PROBLEM TO SOLVE
In the copy, include no pictures, but reproduce every record exactly.

START DATA SHOWN

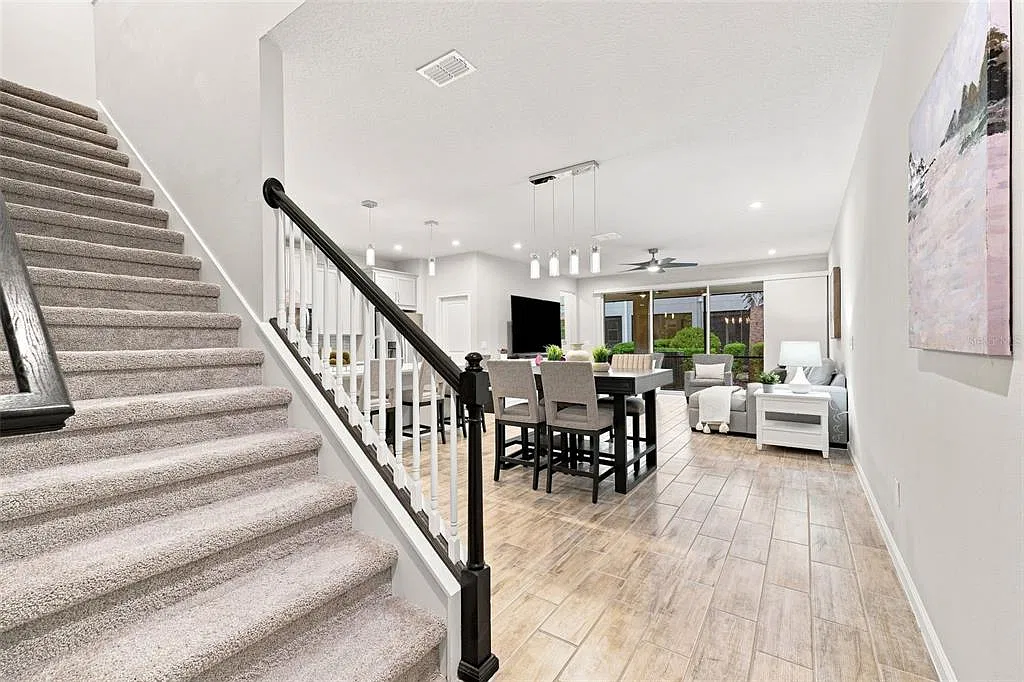 3 bed, 2.5 bath, 2243 sqft, $2,700 — Photo 4
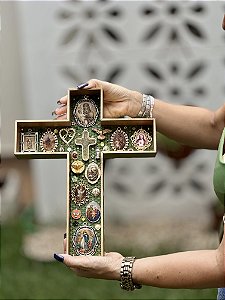 Crucifixo Decorativo | 33cm x 27cm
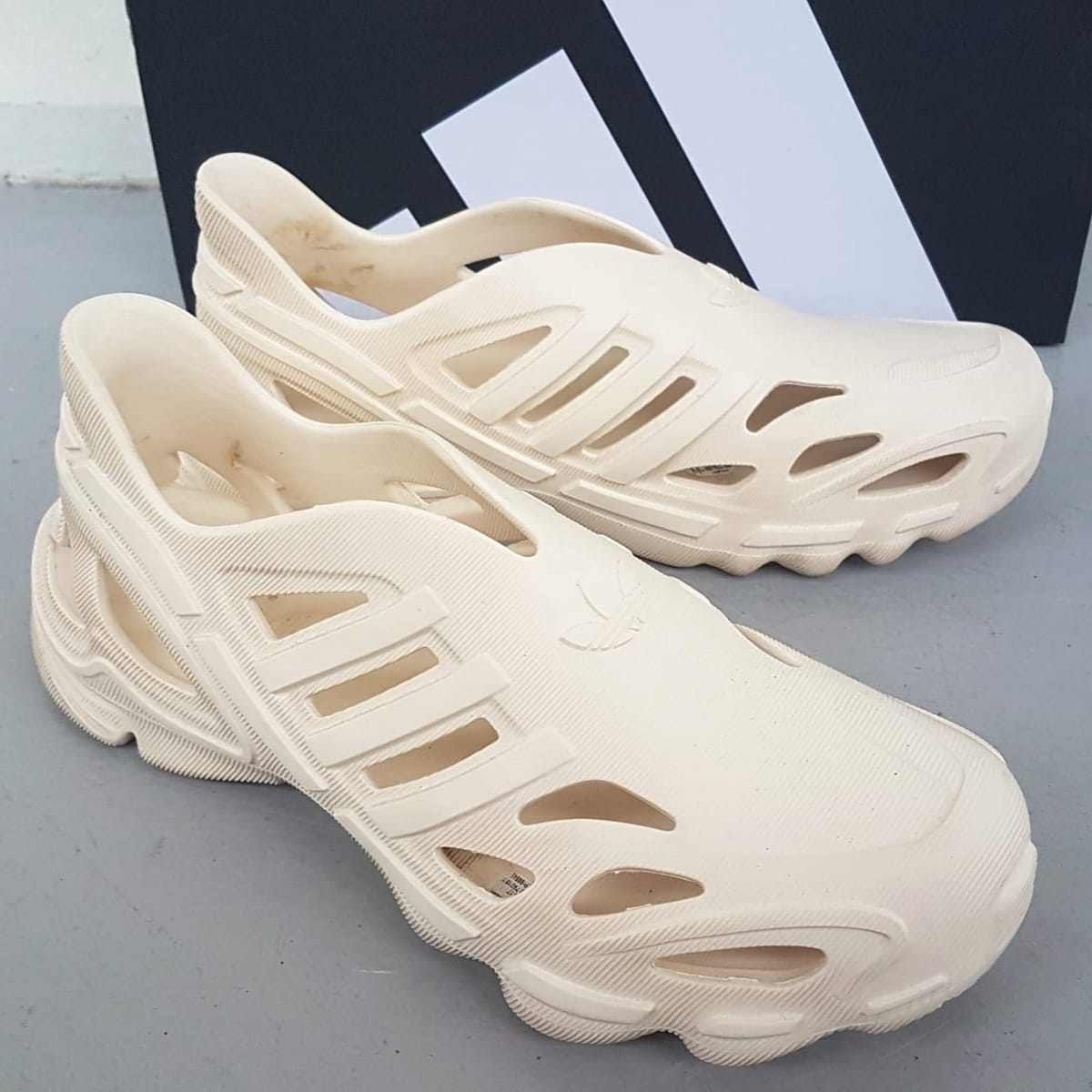 Adidas Adilette CLOG, Adidas Supernova Sneakers, Cool Slip-On, UK 9, EU 43, Beige Shoes, Sliders, Sleek Designer Shoes, Eye-Catching, Cosmopolitan, Sophistication, Urban Style, Timeless Appeal, Pop Culture, Summer Holiday, Streetwise, Luxury Lifestyle - Photo 3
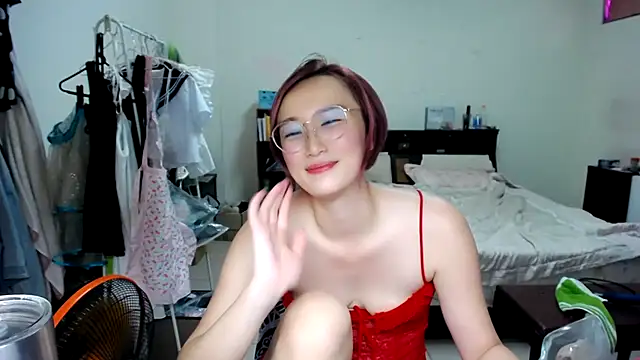 美女a-liliko在线直播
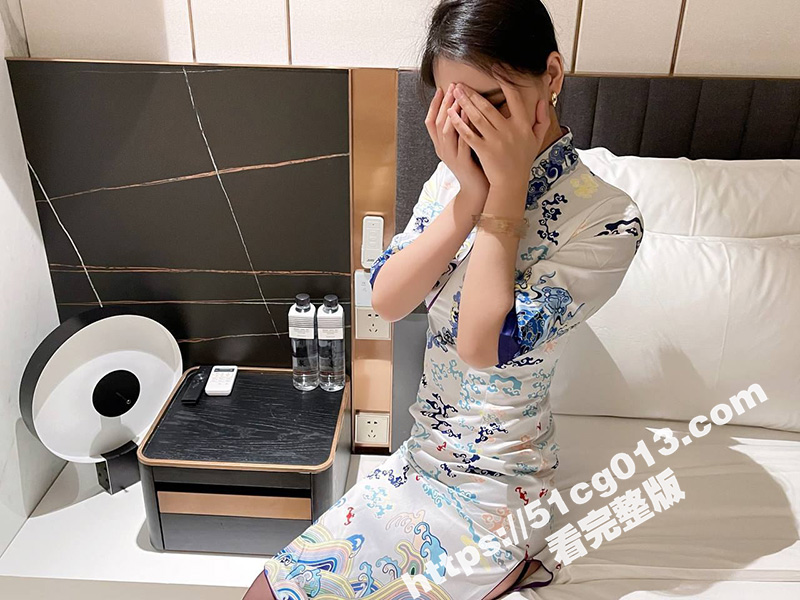 约海航空姐吃烤鸭 烤鸭一定很好吃好吧！顶级尤物S型身材 母狗跪舔模仿吃狗食 主动张嘴吞精液-51吃瓜网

END DATA SHOWN

RESPONSE BOX
 3 bed, 2.5 bath, 2243 sqft, $2,700 — Photo 4
 Crucifixo Decorativo | 33cm x 27cm
 Adidas Adilette CLOG, Adidas Supernova Sneakers, Cool Slip-On, UK 9, EU 43, Beige Shoes, Sliders, Sleek Designer Shoes, Eye-Catching, Cosmopolitan, Sophistication, Urban Style, Timeless Appeal, Pop Culture, Summer Holiday, Streetwise, Luxury Lifestyle - Photo 3
 美女a-liliko在线直播
 约海航空姐吃烤鸭 烤鸭一定很好吃好吧！顶级尤物S型身材 母狗跪舔模仿吃狗食 主动张嘴吞精液-51吃瓜网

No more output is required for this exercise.